Leonardo's head is just as oddly shaped as Raphael's was, but in a different direction: while Raph got the big square Frankenhead, Leo's cheeks stretch out farther to the side than usual, and he has an overbite that reveals his uneven teeth. His eyes are different sizes and don't even point the same direction. He has bushy eyebrows and a bit of a goatee under his chin. It's still weird seeing a Turtle with hair.
He wears filthy, tattered clothes, like you'd expect from a lowly servant: raggedy blue pants and a rough linen shirt,
all held together with a rope belt. He's barefoot, but has thickly padded knee and elbow pads, plus a leather belt with a strap that goes up over his right shoulder. Big metal sutures pierce his skin, suggesting his boss has done some work on him, and metal shackles on his arms and left ankle, suggesting the work wasn't exactly voluntary. Massive cracks and holes run through his shell, which has a hinge on one side and a huge padlock on the other. His back does come up higher than his head, and he's so thick from front to back that the box he's sold in needs to be larger than all the rest.
The hinge isn't just for show.
Leonardo's ginormous shell actually swings open, though the padlock goes entirely with it - were they at one point planning the shell to open in a different spot, and the lock would have served a purpose? Inside you'll find someone has installed wooden shelves, with room to hold (almost) all his accessories. Even when it's empty, there's a large spider living in there, a separate mold but permanently attached.
So what accessories does he have? Well, there are two katanas, of course, because a Leonardo is a Leonardo, and he's got to have those! They're not as thematic as Raphael's lightning bolt sais,
but the set does include two flame pieces that can fit on the ends so it looks like he's holding torches. The tiny holes in his shell? They're so he can stick the swords through them for storage! Inside, there's a human skull that can sit on the top shelf, and a sciency jar with a removable brain floating inside it on the bottom shelf. On the "door" part you'll find two shovels and a bone, held in place partially by the swords and partially by cleverly designed divots in the surface of the shell. This is all very awesome stuff! You also get your choice of open hands, gripping hands, fists, or pointing hands.

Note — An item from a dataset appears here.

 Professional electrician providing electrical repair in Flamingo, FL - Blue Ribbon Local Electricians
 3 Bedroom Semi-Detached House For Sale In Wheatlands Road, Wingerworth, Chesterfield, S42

In addition to the hinged shell,
the figure has a balljointed head, swivel/hinge shoulders, double-swivel/hinge elbows, swivel/hinge wrists, swivel/hinge thighs, double-hinged knees with an extra swivel at the top, swivel shins, and swivel/hinge ankles. You wouldn't expect him to have a waist, since he's doing the whole "Storage Shell Turtle" thing, but nope, he's got a swivel there! The hinges are stiff, but everything moves just fine straight out of the box. Speaking of the box, there are diagramatic instructions on the bottom on how to put the swords in his hands so you don't mess up the spiky pommels.
As much as I liked Raphael as Frankenstein's Monster, I was still rather cool on the idea of Leonardo as the Hunchback - I'd preordered the next two releases after this, but didn't bother with Leo. I did give him a look when he got stocked at Target, and the gear all fitting in the shell won me over. Making Leonardo a Hunchback (not that one) was a strange choice, but it's paid off for them.